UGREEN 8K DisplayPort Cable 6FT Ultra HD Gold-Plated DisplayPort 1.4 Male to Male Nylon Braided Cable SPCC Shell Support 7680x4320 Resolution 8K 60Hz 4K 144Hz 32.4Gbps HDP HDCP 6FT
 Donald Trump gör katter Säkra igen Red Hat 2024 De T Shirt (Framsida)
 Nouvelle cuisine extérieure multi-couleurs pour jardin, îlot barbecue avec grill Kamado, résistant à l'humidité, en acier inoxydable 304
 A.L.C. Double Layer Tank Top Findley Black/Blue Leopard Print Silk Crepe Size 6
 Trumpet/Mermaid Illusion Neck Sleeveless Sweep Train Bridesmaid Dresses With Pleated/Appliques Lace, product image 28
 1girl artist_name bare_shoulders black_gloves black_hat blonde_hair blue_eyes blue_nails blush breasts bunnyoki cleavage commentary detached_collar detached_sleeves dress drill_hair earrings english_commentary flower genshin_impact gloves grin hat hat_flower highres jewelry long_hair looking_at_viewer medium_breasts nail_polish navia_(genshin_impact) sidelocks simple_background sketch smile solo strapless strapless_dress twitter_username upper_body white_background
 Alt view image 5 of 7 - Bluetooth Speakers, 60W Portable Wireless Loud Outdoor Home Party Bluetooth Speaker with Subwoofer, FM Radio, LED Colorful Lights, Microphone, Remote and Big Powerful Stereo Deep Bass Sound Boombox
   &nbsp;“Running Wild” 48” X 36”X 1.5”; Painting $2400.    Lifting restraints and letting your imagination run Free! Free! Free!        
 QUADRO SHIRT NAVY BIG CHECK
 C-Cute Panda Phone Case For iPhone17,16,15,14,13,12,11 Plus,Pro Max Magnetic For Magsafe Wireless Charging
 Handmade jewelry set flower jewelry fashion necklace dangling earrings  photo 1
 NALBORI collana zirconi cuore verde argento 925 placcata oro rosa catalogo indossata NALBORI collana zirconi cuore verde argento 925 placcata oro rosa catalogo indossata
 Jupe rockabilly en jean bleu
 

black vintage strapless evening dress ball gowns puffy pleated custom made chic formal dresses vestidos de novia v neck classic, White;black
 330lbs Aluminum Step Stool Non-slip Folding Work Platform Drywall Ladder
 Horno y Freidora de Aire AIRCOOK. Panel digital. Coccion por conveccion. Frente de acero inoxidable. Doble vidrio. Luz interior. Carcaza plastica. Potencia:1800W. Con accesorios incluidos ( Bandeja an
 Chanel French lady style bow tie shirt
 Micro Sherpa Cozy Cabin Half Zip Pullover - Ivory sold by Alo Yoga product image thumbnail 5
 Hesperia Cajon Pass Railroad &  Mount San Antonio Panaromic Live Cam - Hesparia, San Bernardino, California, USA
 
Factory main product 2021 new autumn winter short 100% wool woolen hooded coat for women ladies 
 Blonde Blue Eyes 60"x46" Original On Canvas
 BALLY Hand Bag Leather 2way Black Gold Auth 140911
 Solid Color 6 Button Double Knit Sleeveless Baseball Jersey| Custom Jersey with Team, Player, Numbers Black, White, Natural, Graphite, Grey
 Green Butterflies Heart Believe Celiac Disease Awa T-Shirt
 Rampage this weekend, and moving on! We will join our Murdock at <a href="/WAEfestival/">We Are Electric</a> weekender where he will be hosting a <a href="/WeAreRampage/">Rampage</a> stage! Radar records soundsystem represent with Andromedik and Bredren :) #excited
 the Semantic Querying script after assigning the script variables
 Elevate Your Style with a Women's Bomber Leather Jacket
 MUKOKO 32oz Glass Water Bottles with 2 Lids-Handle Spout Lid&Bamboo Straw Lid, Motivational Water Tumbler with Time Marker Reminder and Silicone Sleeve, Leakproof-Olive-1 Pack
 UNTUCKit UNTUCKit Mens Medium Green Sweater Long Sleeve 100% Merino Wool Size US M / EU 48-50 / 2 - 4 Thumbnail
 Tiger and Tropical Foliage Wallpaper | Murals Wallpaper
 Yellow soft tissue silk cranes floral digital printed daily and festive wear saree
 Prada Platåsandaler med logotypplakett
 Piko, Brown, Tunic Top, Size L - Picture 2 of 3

━━━━━━━━━━━━━━━━

Task brief » Which lines of the data include the word "digital"? Copy each one.

Your response »
 Horno y Freidora de Aire AIRCOOK. Panel digital. Coccion por conveccion. Frente de acero inoxidable. Doble vidrio. Luz interior. Carcaza plastica. Potencia:1800W. Con accesorios incluidos ( Bandeja an
 Yellow soft tissue silk cranes floral digital printed daily and festive wear saree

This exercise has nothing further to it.